WHAT THE TASK ASKS: Go through the following data and transcribe exactly the stretch of lines from the one holding "Valentino Garavani Rockstud" to the one holding "Distressed black and", both included.

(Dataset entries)
-.-.-

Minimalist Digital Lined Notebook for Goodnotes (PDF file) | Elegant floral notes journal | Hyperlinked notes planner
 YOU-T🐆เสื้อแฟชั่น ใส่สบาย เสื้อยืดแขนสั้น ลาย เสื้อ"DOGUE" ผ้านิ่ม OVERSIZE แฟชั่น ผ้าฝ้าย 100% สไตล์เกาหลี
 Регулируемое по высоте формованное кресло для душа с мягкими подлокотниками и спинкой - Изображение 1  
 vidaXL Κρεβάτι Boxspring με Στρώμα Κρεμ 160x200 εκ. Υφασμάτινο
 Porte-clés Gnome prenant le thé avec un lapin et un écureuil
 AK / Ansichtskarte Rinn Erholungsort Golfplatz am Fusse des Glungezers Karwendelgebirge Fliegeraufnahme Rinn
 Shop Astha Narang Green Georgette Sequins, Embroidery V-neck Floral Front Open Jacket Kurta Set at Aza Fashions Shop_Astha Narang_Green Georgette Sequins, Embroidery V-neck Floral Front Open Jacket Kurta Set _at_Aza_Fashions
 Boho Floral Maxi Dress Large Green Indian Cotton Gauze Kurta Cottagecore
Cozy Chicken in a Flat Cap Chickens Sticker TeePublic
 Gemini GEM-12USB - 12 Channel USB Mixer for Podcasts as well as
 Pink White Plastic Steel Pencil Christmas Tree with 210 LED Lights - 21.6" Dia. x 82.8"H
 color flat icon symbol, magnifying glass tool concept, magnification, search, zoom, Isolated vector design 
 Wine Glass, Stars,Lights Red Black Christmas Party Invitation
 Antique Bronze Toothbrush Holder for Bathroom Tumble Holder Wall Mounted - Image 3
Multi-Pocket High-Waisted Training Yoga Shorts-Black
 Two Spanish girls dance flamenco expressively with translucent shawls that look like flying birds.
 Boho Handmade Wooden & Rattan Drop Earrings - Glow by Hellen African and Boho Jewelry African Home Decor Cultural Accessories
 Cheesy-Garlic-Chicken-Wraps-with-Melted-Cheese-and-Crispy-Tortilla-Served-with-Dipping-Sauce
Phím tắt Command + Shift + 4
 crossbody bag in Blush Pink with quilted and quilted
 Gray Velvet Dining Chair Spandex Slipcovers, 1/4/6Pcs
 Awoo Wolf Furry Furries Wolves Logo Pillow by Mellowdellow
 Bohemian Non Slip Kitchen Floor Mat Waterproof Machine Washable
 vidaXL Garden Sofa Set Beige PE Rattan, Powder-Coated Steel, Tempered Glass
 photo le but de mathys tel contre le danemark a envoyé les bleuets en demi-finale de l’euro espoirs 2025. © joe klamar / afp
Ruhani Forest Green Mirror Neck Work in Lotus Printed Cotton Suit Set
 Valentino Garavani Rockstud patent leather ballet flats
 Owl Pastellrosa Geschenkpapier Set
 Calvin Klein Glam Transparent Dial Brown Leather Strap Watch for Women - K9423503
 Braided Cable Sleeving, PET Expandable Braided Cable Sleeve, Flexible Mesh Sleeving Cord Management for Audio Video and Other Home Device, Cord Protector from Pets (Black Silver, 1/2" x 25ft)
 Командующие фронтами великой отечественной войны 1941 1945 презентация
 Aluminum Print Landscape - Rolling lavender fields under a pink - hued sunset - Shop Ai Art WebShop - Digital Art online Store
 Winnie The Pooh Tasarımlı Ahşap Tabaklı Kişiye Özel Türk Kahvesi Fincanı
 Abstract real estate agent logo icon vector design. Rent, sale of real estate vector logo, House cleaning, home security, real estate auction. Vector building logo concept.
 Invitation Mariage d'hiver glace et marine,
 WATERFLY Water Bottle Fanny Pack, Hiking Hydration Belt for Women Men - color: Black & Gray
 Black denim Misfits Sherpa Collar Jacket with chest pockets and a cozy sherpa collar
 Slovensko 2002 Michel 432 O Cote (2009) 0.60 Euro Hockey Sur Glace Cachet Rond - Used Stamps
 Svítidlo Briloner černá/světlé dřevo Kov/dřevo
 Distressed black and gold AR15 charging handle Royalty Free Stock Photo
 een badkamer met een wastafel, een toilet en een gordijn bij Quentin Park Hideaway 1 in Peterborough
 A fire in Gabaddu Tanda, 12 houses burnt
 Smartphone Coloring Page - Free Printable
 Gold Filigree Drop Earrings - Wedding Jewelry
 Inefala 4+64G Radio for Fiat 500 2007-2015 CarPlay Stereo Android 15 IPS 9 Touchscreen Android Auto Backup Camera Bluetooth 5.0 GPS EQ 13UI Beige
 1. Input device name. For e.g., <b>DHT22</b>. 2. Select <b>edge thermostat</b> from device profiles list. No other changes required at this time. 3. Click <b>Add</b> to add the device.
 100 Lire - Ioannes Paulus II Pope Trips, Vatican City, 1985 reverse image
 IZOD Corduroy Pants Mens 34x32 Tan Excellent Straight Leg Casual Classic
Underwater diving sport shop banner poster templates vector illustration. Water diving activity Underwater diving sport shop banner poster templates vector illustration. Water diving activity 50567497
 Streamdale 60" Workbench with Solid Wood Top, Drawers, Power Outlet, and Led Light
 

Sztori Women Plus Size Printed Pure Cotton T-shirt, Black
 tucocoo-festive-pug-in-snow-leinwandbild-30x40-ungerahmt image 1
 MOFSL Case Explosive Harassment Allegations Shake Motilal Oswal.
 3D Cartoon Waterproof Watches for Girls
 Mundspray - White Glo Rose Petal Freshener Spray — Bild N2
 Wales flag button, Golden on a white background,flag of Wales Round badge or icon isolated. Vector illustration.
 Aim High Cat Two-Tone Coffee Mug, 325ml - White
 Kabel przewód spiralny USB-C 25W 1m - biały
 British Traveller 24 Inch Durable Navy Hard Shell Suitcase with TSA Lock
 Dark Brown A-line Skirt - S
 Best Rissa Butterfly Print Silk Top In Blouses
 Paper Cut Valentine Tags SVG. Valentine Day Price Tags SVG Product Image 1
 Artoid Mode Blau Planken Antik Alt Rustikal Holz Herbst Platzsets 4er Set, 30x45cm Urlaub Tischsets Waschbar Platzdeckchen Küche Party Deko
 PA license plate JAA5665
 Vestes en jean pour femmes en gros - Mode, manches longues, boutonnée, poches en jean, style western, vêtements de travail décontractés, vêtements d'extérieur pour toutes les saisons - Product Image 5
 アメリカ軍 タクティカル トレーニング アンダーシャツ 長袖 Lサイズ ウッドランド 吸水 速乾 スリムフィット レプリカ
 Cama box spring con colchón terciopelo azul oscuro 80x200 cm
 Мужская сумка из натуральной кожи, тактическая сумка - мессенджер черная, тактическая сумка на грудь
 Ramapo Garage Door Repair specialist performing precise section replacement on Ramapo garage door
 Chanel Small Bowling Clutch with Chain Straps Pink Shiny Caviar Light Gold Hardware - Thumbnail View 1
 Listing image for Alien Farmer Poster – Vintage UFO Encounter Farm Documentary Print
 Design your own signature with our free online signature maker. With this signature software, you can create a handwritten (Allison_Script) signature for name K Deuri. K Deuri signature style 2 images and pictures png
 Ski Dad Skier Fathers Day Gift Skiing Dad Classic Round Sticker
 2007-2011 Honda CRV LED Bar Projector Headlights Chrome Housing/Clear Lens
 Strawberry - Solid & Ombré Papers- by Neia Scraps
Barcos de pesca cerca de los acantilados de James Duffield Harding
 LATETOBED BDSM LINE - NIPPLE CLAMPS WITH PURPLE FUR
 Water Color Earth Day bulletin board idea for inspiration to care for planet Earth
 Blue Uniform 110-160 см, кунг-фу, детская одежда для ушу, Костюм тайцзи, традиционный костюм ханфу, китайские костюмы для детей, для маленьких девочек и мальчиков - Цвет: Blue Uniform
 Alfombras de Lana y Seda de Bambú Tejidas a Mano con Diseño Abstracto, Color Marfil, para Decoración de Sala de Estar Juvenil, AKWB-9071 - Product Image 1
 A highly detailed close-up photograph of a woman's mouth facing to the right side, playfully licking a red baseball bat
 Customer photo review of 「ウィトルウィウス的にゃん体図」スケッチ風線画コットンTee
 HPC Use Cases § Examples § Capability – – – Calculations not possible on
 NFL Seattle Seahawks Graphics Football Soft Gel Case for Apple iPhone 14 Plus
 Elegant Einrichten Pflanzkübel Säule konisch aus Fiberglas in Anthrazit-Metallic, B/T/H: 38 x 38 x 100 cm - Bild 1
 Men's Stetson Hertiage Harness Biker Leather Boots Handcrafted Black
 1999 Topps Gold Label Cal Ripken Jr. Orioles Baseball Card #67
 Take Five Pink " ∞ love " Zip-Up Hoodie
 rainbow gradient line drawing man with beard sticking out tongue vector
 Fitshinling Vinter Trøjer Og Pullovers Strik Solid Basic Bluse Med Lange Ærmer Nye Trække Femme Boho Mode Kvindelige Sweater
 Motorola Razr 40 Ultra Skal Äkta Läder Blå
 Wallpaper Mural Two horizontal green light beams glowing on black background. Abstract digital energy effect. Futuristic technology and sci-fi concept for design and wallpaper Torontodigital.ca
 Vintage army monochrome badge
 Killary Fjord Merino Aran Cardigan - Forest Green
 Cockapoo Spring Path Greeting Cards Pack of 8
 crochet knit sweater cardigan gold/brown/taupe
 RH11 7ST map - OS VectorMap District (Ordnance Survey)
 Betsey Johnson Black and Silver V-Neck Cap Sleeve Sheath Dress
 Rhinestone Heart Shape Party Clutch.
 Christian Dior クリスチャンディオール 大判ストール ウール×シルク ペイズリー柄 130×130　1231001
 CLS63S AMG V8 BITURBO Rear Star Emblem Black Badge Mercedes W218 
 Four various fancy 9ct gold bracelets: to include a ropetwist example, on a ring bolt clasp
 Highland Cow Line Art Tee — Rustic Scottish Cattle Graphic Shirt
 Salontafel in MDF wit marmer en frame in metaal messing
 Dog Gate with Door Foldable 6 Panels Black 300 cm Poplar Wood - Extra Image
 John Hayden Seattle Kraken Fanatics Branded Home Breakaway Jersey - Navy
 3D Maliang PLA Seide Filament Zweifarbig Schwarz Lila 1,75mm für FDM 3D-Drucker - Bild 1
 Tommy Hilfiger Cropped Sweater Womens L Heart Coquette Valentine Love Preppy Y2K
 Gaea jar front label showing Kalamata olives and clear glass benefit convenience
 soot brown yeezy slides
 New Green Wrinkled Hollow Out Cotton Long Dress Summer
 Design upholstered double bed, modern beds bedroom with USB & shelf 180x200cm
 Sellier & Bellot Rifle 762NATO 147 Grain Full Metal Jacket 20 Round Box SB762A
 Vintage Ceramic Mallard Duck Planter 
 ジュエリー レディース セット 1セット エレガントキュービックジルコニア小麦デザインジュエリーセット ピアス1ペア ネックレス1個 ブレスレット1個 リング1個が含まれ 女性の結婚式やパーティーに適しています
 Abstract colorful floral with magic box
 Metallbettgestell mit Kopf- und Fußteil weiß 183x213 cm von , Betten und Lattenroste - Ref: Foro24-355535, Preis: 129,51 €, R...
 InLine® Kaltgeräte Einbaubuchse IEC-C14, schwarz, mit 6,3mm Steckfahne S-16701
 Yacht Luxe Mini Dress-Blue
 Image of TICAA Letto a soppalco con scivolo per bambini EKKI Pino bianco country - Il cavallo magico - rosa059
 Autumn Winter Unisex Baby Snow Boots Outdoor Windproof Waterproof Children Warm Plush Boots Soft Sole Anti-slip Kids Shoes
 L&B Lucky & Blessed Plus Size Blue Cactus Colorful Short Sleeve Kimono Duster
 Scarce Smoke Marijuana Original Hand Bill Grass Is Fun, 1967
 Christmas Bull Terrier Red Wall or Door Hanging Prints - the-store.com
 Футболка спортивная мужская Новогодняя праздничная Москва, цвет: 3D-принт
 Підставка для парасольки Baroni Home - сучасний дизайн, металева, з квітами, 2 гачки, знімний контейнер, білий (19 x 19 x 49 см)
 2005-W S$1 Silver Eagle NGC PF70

-.-.-

EXERCISE RESPONSE:
 Valentino Garavani Rockstud patent leather ballet flats
 Owl Pastellrosa Geschenkpapier Set
 Calvin Klein Glam Transparent Dial Brown Leather Strap Watch for Women - K9423503
 Braided Cable Sleeving, PET Expandable Braided Cable Sleeve, Flexible Mesh Sleeving Cord Management for Audio Video and Other Home Device, Cord Protector from Pets (Black Silver, 1/2" x 25ft)
 Командующие фронтами великой отечественной войны 1941 1945 презентация
 Aluminum Print Landscape - Rolling lavender fields under a pink - hued sunset - Shop Ai Art WebShop - Digital Art online Store
 Winnie The Pooh Tasarımlı Ahşap Tabaklı Kişiye Özel Türk Kahvesi Fincanı
 Abstract real estate agent logo icon vector design. Rent, sale of real estate vector logo, House cleaning, home security, real estate auction. Vector building logo concept.
 Invitation Mariage d'hiver glace et marine,
 WATERFLY Water Bottle Fanny Pack, Hiking Hydration Belt for Women Men - color: Black & Gray
 Black denim Misfits Sherpa Collar Jacket with chest pockets and a cozy sherpa collar
 Slovensko 2002 Michel 432 O Cote (2009) 0.60 Euro Hockey Sur Glace Cachet Rond - Used Stamps
 Svítidlo Briloner černá/světlé dřevo Kov/dřevo
 Distressed black and gold AR15 charging handle Royalty Free Stock Photo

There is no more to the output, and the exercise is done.